The market has a problem: Many stocks are no longer rising on good earnings or guidance.

It’s been known for a long time that the markets reward companies that raise guidance (or at least imply their growth will be stronger than expected) and punish those that don’t. But something different is happening this quarter. Companies that are seeing a boost to their fourth-quarter earnings estimates (whether raised by the companies or by analysts) are not being rewarded with higher stock prices.

CSX, United Rentals, Citigroup, VF Corp, Autozone, Darden and Accenture, among others, all saw their fourth-quarter earnings estimates raised modestly by analysts, but all are trading down since their reports.

“The market is trying to figure out if the positives outweigh the negatives,” Nick Raich at Earnings Scout tells me. “Some of the positive momentum from the tax cuts is waning a bit.”

It’s simple, Raich insists. Stocks have risen on the strong economy, higher revenue, tax cuts and reduced regulation, but in the last few months a host of challenges have emerged. They include tariffs, rising interest rates and higher costs.

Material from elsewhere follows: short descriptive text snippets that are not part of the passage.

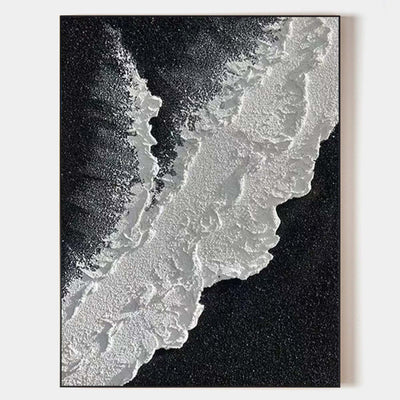 Black And White Plaster Painting Black Seashore Wall Art Painting Plaster Textured Art Painting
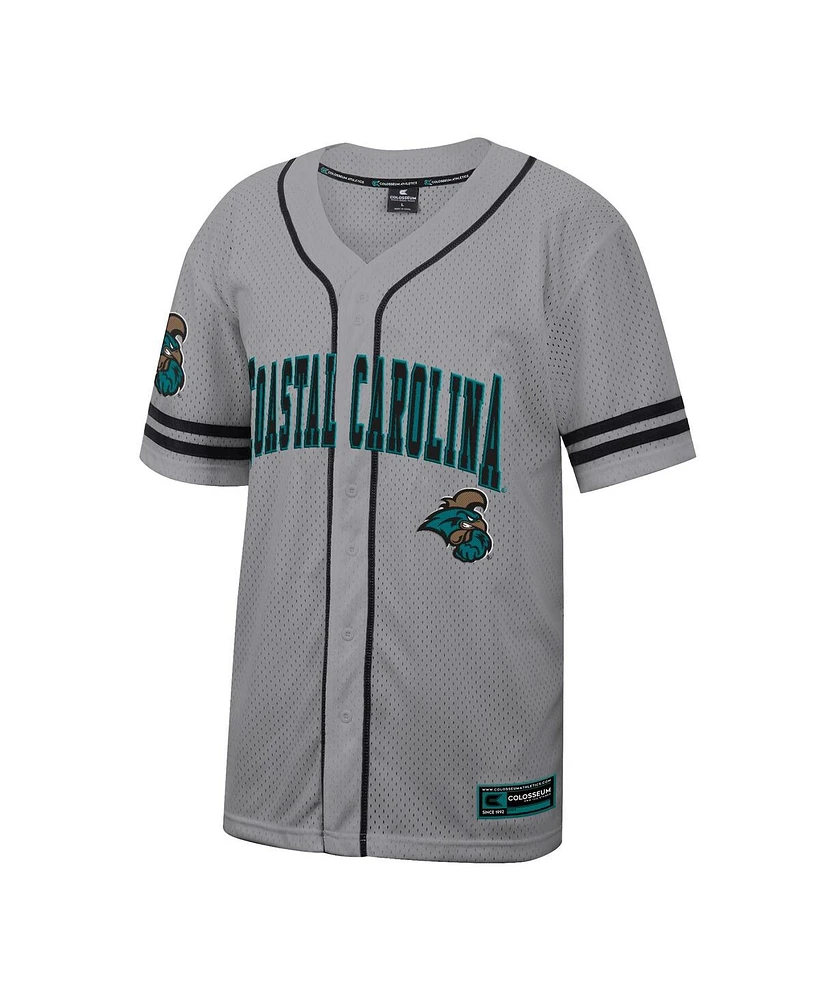 Colosseum Men's Gray Coastal Carolina Chanticleers Free Spirited Baseball Jersey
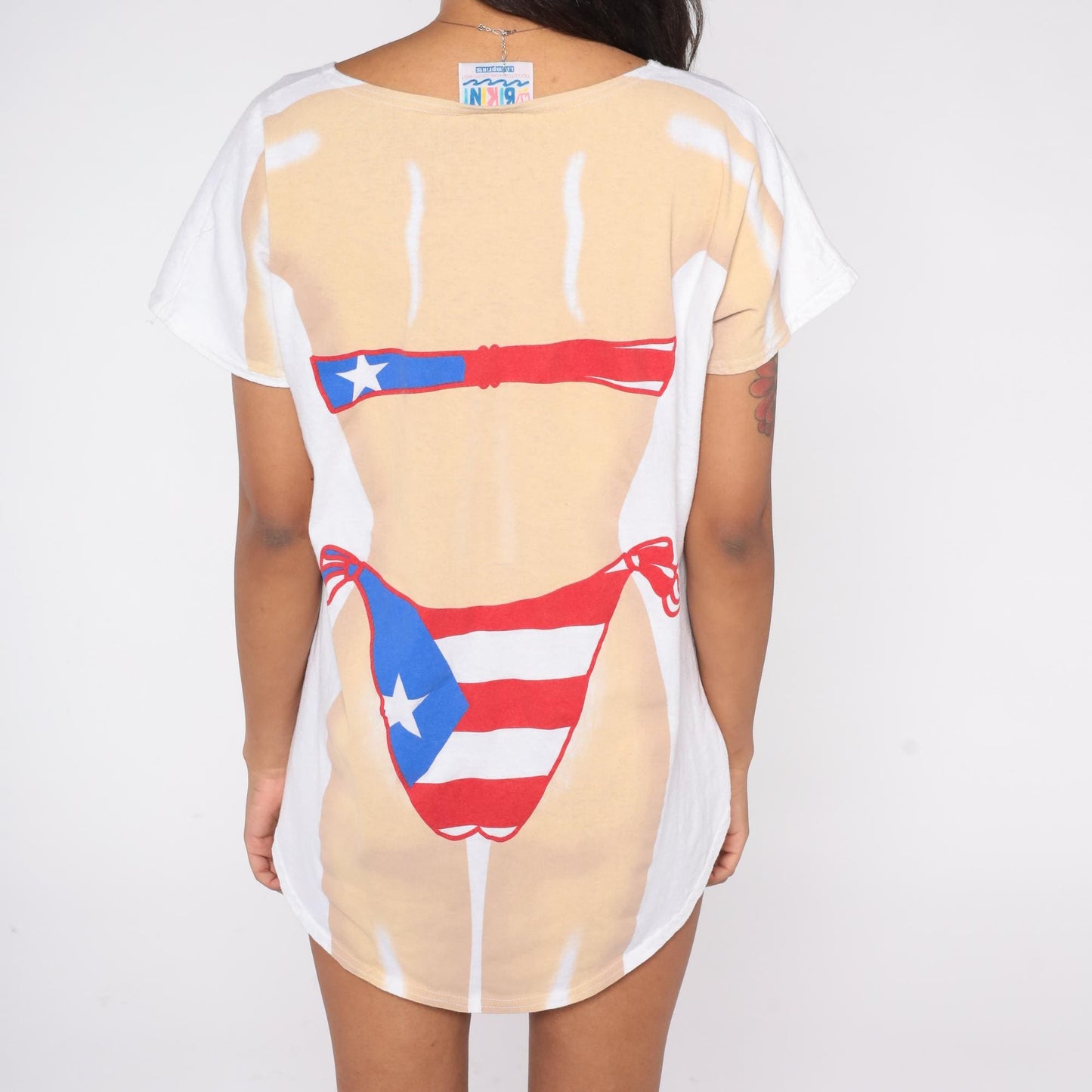 90s My Bikini Puerto Rico Flag Novelty Tee White Cotton Beach Cover Up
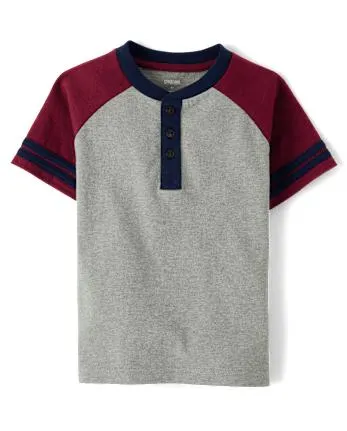 Boys Colorblock Henley Top - Classroom Cutie - h/t smoke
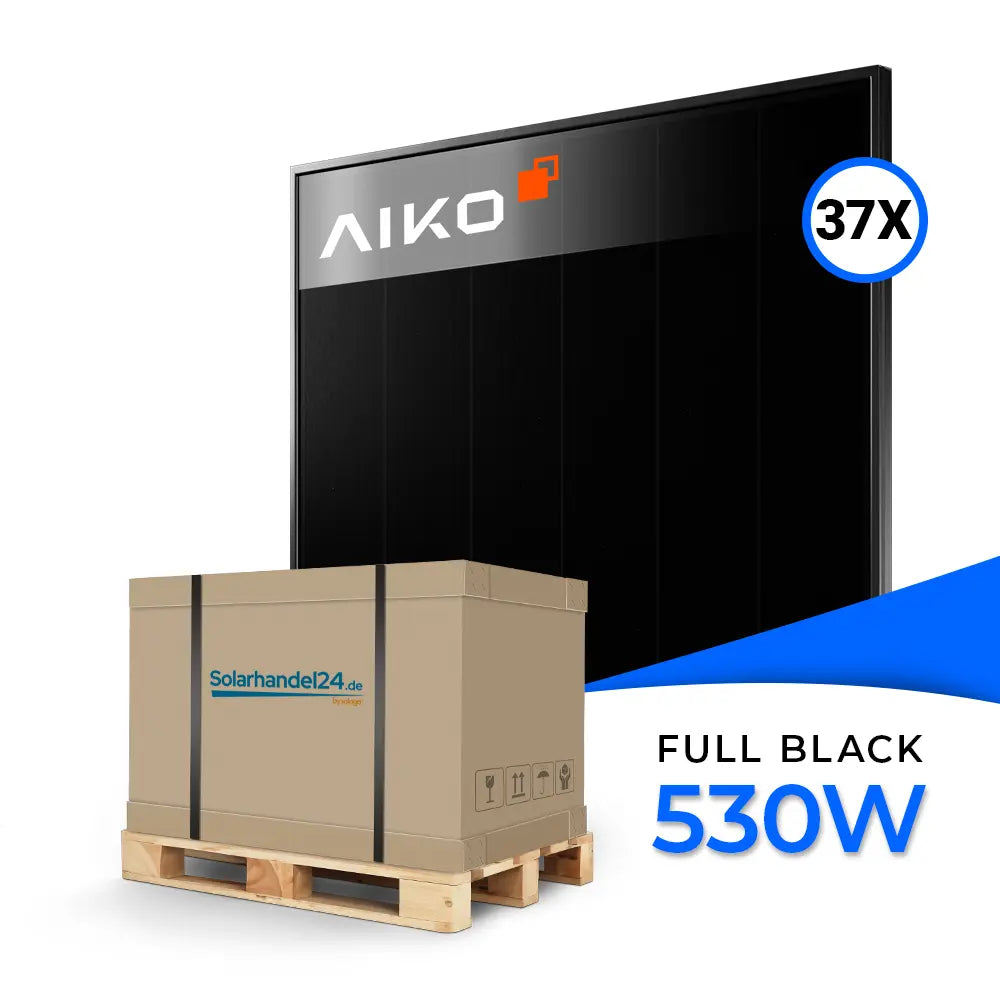 Produktbild - Mit dem AIKO-A530-MCE60Db Neostar 3S+60 erhältst du ein leistungsstarkes N-Type ABC Glas-Glas Solarmodul mit 530 WP in eleganter Full Black Optik.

Country-specific issues are weighing on large multinationals, including the slowdown in China, a populist government in Italy and the potential isolation of Saudi Arabia, important because the country is a major investor in technology funds.

As the boost from the tax cuts fades away, there’s concern about what will stimulate the economy if corporate revenue weakens, Raich noted.

Goldman Sachs, in a recent note to clients, noted that the 56 percent of companies that have beaten earnings expectations for the third quarter as of Friday’s close have lagged the S&P 500 by 0.24 percent, well below the historic outperformance of 1.03 percent.

Companies that miss expectations are punished even more. The 10 percent that have missed so far have underperformed the S&P by 2.98 percent, worse than the historic average of 2.11 percent.

What do we make of the market when those that do well underperform and those that don’t do well also underperform, though by a larger amount?

Maybe not much, at least not yet. These numbers were based on only about 20 percent of the market reporting.

“As long as we have above-trend revenue growth and revenues going up 7 percent with costs going up 2 or 3 percent, we should be fine,” Raich insists. “High single-digit revenue growth is a real positive.”

The rest of the market isn’t so sure. The fact that stocks are not rising on still-positive earnings is “Certainly worth keeping an eye on as we get into heart of earnings season this week,” Goldman noted.